Elsevier

Data & Knowledge Engineering

Volume 69, Issue 12, December 2010, Pages 1254-1273
Data & Knowledge Engineering

Schema label normalization for improving schema matching

https://doi.org/10.1016/j.datak.2010.10.004Get rights and content

Abstract

Schema matching is the problem of finding relationships among concepts across heterogeneous data sources that are heterogeneous in format and in structure. Starting from the “hidden meaning” associated with schema labels (i.e. class/attribute names) it is possible to discover relationships among the elements of different schemata. Lexical annotation (i.e. annotation w.r.t. a thesaurus/lexical resource) helps in associating a “meaning” to schema labels. However, the performance of semi-automatic lexical annotation methods on real-world schemata suffers from the abundance of non-dictionary words such as compound nouns, abbreviations, and acronyms. We address this problem by proposing a method to perform schema label normalization which increases the number of comparable labels. The method semi-automatically expands abbreviations/acronyms and annotates compound nouns, with minimal manual effort. We empirically prove that our normalization method helps in the identification of similarities among schema elements of different data sources, thus improving schema matching results.

Introduction

Schema matching is a critical step in many applications, including: data integration, data warehousing, e-business, semantic query processing, peer data management, and semantic web applications. In this work, we focus on schema matching in the context of data integration [1], where the goal is the creation of mappings between heterogeneous data sources (heterogeneous in format and structure). Mappings are obtained by a schema matching system by using a set of semantic matches (e.g. location = area) between different schemata. A powerful means to discover matches is the understanding of the “meaning” behind the names denoting schema elements, “labels” in the following [2]. In this context, lexical annotation, i.e. the explicit association of a meaning to a label w.r.t. a thesaurus (WordNet [3] in our case) is a key tool.

The strength of a thesaurus, like WordNet (WN), is the presence of a wide network of semantic relationships among word meanings, thus providing a corresponding inferred semantic network of lexical relationships among the labels of different schemata. Its weakness, is that it does not cover different domains of knowledge with the same detail and that many domain-dependent words, or non-dictionary words, may not be present in it. Non-dictionary words include compound nouns (CNs) (e.g. “company address”), abbreviations (e.g. “QTY”) and acronyms (e.g. WSD — Word Sense Disambiguation).

The result of automatic lexical annotation techniques is strongly affected by the presence of such non-dictionary words in schemata. For this reason, a method to expand abbreviations and to semantically “interpret” CNs is required. In the following, we will refer to this method as schema label normalization. Schema label normalization helps in the identification of similarities between labels coming from different data sources, thus improving schema mapping accuracy.

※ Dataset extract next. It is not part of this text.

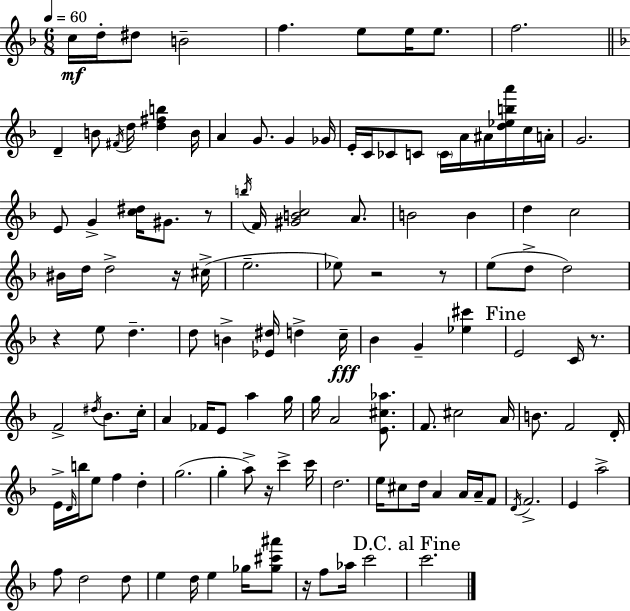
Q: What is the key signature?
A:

A manual process of schema label normalization is laborious, time consuming and itself prone to errors. Starting from our previous work on semi-automatic lexical annotation of structured and semi-structured data sources [4], we propose a semi-automatic method for the normalization of schema labels that is able to expand abbreviations and acronyms, and to enrich WN with new CNs. Our approach uses only schema-level information and can thus be used in scenarios where data instances are not available [5].

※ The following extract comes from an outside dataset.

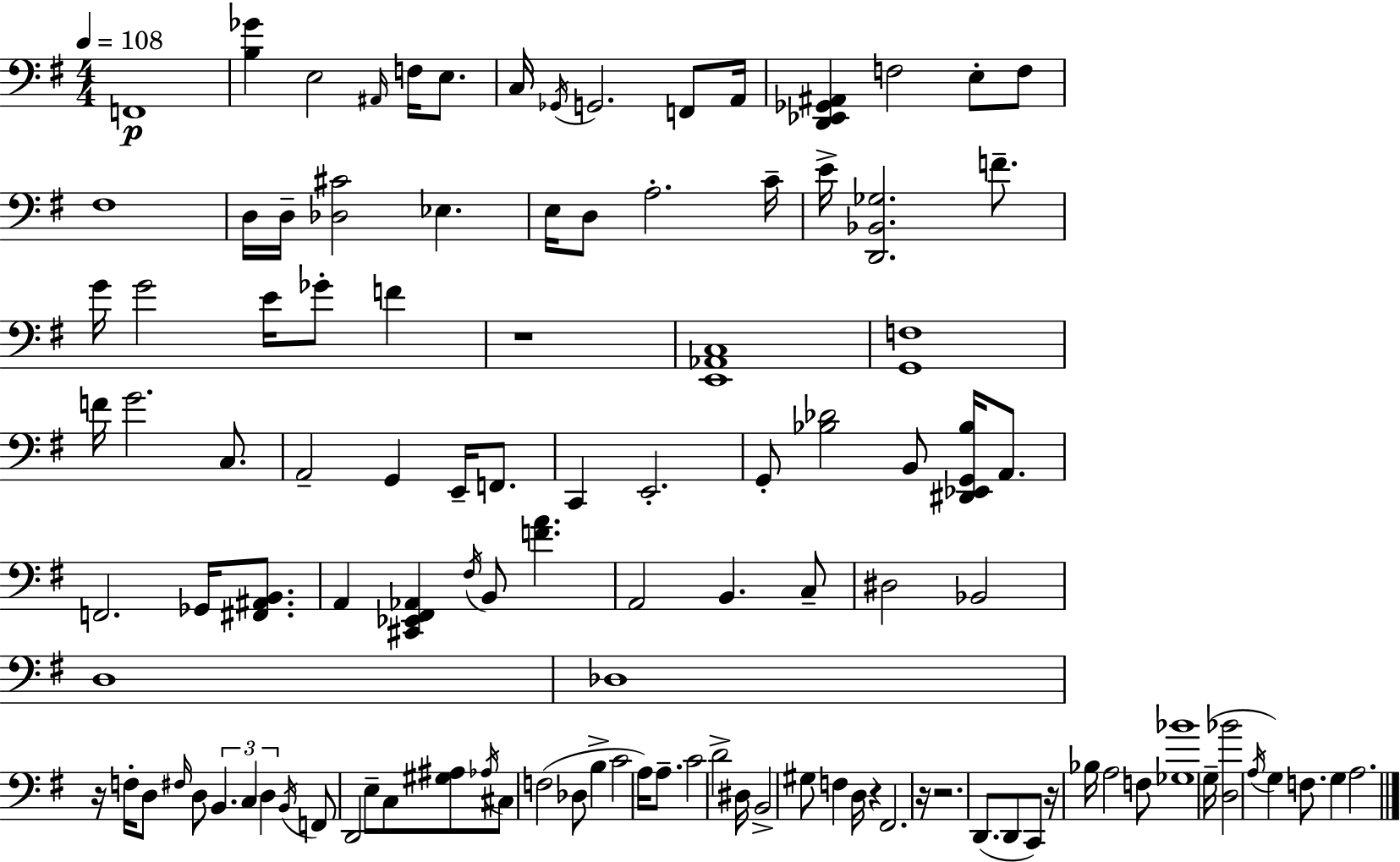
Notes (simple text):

F2/w [B3,Gb4]/q E3/h A#2/s F3/s E3/e. C3/s Gb2/s G2/h. F2/e A2/s [D2,Eb2,Gb2,A#2]/q F3/h E3/e F3/e F#3/w D3/s D3/s [Db3,C#4]/h Eb3/q. E3/s D3/e A3/h. C4/s E4/s [D2,Bb2,Gb3]/h. F4/e. G4/s G4/h E4/s Gb4/e F4/q R/w [E2,Ab2,C3]/w [G2,F3]/w F4/s G4/h. C3/e. A2/h G2/q E2/s F2/e. C2/q E2/h. G2/e [Bb3,Db4]/h B2/e [D#2,Eb2,G2,Bb3]/s A2/e. F2/h. Gb2/s [F#2,A#2,B2]/e. A2/q [C#2,Eb2,F#2,Ab2]/q F#3/s B2/e [F4,A4]/q. A2/h B2/q. C3/e D#3/h Bb2/h D3/w Db3/w R/s F3/s D3/e F#3/s D3/e B2/q. C3/q D3/q B2/s F2/e D2/h E3/e C3/e [G#3,A#3]/e Ab3/s C#3/e F3/h Db3/e B3/q C4/h A3/s A3/e. C4/h D4/h D#3/s B2/h G#3/e F3/q D3/s R/q F#2/h. R/s R/h. D2/e. D2/e C2/e R/s Bb3/s A3/h F3/e [Gb3,Bb4]/w G3/s [D3,Bb4]/h A3/s G3/q F3/e. G3/q A3/h.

Our method is implemented in the MOMIS (Mediator envirOnment for Multiple Information Sources) system [1], [6]. However, it may be applied in general in the context of schema mapping discovery, ontology merging, data integration systems, and web interface integration. Moreover, it might be effective for reverse engineering tasks, e.g. when an ER schema needs to be extracted from a legacy database.

The rest of the article is organized as follows. In Section 2, we define the problem in the context of schema matching; in Section 3, a brief overview of the method is given; in 4 Schema label preprocessing, 5 Abbreviation expansion, 6 Compound noun interpretation, we describe the subsequent phases of our method: label preprocessing, abbreviation expansion and CN interpretation. In Section 7, we demonstrate the effectiveness of the method with extensive experiments on real-world data sets. A comparison of our method with related work is presented in Section 8. Finally, in Section 9, we make some concluding remarks and illustrate our future work.

Section snippets

Problem definition

Element labels represent an important source for assessing similarity between schema elements. This can be done semantically by comparing their meanings.

Definition 1

Lexical annotation of a schema label is the explicit assignment of a meaning to the label w.r.t. a thesaurus.

Starting from the lexical annotation of schema labels, we can derive lexical relationships between them on the basis of the semantic relationships defined in WN between their meanings.

Definition 2

Let S and T be two heterogeneous schemata, and ES = {s1,

Overview of the schema label normalization method

As shown in Fig. 2, the schema label normalization method consists of three phases: (1) schema label preprocessing, (2) abbreviation expansion and (3) CN interpretation.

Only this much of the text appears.